-- EXERCISE OBJECTIVE --
Give again, word for word, each line below starting at the one that contains "Photo 3 VIN: WBA3B3G52ENR84348 - BMW 328 XI" and ending at the one that contains "Used 2023 Blue Kia EX image 45".

-- DATA LISTING --
____________________

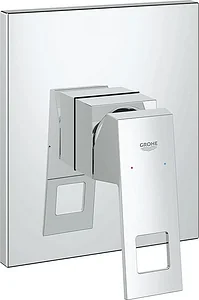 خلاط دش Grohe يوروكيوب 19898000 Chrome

____________________

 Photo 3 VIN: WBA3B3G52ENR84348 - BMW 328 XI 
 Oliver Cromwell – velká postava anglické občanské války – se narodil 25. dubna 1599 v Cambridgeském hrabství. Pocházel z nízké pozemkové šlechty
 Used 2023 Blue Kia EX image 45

____________________

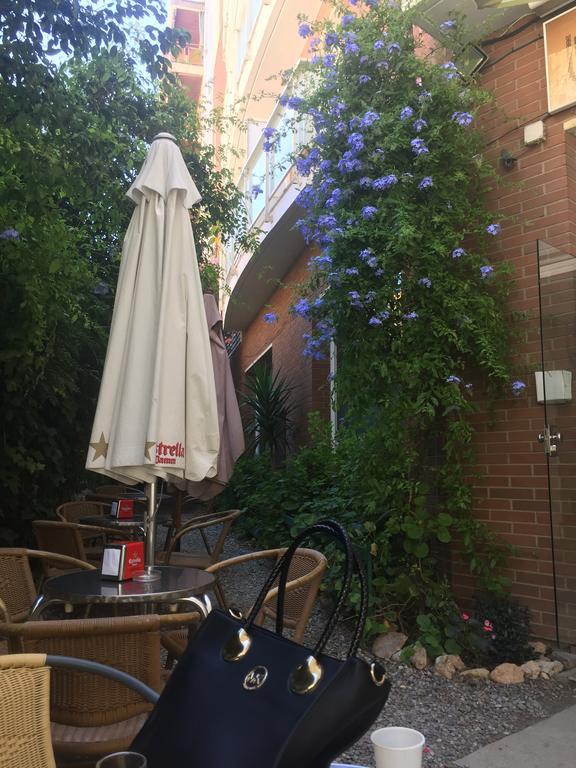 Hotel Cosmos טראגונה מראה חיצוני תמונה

____________________

-- OUTPUT FOR THIS TASK --
 Photo 3 VIN: WBA3B3G52ENR84348 - BMW 328 XI 
 Oliver Cromwell – velká postava anglické občanské války – se narodil 25. dubna 1599 v Cambridgeském hrabství. Pocházel z nízké pozemkové šlechty
 Used 2023 Blue Kia EX image 45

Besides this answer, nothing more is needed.